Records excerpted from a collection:
*-*-*
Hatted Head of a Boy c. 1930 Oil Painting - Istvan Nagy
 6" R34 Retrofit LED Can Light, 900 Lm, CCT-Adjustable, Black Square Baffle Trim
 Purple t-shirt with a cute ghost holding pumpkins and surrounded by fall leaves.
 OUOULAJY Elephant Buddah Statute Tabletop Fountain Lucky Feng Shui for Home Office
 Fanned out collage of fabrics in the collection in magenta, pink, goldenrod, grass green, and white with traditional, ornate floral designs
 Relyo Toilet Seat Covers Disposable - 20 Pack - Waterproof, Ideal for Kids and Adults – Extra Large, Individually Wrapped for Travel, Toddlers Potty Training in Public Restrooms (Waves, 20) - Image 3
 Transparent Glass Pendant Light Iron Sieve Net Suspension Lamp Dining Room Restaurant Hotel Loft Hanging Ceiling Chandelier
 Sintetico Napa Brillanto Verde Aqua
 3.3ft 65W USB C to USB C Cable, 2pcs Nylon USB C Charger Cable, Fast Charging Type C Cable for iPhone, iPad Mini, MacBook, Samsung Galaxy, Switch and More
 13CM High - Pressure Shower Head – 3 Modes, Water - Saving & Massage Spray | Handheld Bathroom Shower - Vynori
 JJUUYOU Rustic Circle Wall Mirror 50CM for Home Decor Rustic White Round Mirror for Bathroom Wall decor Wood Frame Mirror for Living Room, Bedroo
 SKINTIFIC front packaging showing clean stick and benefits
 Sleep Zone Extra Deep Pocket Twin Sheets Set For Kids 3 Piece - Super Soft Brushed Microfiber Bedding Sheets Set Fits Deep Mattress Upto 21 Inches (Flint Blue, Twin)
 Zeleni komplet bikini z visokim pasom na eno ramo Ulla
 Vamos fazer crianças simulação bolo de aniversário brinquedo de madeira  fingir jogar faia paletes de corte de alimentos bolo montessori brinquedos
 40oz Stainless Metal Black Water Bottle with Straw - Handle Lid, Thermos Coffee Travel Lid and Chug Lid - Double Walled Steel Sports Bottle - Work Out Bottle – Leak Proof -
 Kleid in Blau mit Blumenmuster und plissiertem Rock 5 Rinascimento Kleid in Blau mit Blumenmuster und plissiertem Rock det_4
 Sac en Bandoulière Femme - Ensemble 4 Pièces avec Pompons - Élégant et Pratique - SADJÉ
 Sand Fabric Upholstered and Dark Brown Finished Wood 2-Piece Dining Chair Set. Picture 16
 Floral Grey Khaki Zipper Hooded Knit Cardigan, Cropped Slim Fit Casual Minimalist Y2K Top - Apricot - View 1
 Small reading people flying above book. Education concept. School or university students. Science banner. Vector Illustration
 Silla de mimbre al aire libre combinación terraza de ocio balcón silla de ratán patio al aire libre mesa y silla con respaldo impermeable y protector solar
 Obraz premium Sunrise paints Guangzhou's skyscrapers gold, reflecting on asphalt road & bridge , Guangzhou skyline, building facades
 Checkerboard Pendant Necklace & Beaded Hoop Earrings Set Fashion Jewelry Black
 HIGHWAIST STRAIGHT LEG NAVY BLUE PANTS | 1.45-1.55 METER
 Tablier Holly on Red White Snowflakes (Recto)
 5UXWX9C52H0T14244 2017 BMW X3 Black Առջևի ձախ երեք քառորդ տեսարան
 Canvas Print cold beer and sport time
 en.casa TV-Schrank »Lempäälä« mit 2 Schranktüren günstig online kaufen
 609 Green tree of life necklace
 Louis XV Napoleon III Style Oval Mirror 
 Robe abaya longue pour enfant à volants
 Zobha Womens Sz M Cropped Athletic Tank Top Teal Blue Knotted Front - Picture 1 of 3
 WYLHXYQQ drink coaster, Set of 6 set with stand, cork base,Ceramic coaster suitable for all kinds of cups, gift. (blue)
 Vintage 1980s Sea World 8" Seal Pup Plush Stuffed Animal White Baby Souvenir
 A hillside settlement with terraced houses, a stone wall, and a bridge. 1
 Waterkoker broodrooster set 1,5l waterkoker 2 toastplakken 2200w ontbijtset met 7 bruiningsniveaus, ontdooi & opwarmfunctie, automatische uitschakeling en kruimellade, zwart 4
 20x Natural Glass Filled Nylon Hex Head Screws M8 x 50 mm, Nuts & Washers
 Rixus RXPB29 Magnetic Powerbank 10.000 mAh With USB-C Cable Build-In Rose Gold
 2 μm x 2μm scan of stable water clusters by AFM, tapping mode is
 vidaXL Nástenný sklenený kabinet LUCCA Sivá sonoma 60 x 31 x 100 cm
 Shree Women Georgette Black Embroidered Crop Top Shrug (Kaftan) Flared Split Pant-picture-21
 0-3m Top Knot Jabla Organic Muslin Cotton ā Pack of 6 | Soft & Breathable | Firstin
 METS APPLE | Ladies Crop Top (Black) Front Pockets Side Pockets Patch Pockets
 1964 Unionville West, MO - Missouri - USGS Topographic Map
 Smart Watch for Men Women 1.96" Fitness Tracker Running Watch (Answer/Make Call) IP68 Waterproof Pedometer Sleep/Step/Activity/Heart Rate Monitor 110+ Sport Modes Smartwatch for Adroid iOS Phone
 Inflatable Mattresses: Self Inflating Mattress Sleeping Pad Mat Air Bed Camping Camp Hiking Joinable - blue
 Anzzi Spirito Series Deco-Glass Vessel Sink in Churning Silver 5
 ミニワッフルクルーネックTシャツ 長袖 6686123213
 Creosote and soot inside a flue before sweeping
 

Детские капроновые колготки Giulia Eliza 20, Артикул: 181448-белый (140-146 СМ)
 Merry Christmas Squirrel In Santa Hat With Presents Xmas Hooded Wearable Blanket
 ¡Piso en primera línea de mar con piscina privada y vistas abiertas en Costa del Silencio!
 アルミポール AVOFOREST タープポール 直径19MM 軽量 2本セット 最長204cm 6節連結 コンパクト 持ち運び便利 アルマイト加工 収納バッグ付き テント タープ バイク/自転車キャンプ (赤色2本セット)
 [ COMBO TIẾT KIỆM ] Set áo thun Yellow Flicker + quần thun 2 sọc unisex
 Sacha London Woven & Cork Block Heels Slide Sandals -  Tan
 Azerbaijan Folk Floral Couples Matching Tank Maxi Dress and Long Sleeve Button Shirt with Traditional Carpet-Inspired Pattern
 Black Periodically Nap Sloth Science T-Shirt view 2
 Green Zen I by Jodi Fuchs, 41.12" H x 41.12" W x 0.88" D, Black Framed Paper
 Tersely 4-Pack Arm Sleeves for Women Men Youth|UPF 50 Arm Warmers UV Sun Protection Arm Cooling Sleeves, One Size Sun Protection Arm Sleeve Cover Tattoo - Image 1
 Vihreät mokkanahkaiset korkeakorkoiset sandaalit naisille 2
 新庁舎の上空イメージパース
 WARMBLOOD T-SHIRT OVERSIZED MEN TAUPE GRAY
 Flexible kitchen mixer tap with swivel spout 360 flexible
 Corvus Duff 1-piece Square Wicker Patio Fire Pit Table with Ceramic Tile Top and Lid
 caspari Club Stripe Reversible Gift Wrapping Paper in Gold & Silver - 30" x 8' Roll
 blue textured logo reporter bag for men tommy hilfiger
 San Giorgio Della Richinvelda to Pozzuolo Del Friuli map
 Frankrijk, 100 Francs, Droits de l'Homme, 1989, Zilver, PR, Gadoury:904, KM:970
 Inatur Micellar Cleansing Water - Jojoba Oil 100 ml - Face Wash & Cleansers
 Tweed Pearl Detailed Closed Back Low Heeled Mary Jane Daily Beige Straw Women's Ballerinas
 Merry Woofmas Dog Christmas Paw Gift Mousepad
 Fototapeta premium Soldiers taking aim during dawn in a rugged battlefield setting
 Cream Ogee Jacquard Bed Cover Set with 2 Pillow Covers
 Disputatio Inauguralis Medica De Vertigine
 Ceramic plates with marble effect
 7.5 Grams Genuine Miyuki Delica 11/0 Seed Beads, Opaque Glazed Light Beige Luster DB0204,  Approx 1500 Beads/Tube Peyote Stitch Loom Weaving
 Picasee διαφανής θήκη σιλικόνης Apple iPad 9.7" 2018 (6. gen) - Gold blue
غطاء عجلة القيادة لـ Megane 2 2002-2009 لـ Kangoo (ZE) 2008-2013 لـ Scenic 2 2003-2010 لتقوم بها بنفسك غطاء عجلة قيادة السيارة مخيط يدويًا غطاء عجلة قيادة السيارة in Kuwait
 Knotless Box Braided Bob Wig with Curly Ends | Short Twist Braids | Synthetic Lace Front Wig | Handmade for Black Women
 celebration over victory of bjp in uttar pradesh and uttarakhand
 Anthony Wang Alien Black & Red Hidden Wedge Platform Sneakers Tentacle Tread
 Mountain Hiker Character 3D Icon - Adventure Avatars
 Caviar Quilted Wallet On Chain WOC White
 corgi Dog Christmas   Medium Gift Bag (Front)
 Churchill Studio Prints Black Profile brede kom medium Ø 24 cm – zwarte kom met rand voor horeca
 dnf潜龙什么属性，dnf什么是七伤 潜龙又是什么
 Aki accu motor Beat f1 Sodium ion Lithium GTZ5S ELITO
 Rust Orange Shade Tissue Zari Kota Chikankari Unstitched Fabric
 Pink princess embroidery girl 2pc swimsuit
*-*-*
REQUIREMENT:
Copy out exactly the lines from the one containing "Disputatio Inauguralis Medica De Vertigine" through the last line above, keeping both end lines.

RESPONSE TO THE EXERCISE:
 Disputatio Inauguralis Medica De Vertigine
 Ceramic plates with marble effect
 7.5 Grams Genuine Miyuki Delica 11/0 Seed Beads, Opaque Glazed Light Beige Luster DB0204,  Approx 1500 Beads/Tube Peyote Stitch Loom Weaving
 Picasee διαφανής θήκη σιλικόνης Apple iPad 9.7" 2018 (6. gen) - Gold blue
غطاء عجلة القيادة لـ Megane 2 2002-2009 لـ Kangoo (ZE) 2008-2013 لـ Scenic 2 2003-2010 لتقوم بها بنفسك غطاء عجلة قيادة السيارة مخيط يدويًا غطاء عجلة قيادة السيارة in Kuwait
 Knotless Box Braided Bob Wig with Curly Ends | Short Twist Braids | Synthetic Lace Front Wig | Handmade for Black Women
 celebration over victory of bjp in uttar pradesh and uttarakhand
 Anthony Wang Alien Black & Red Hidden Wedge Platform Sneakers Tentacle Tread
 Mountain Hiker Character 3D Icon - Adventure Avatars
 Caviar Quilted Wallet On Chain WOC White
 corgi Dog Christmas   Medium Gift Bag (Front)
 Churchill Studio Prints Black Profile brede kom medium Ø 24 cm – zwarte kom met rand voor horeca
 dnf潜龙什么属性，dnf什么是七伤 潜龙又是什么
 Aki accu motor Beat f1 Sodium ion Lithium GTZ5S ELITO
 Rust Orange Shade Tissue Zari Kota Chikankari Unstitched Fabric
 Pink princess embroidery girl 2pc swimsuit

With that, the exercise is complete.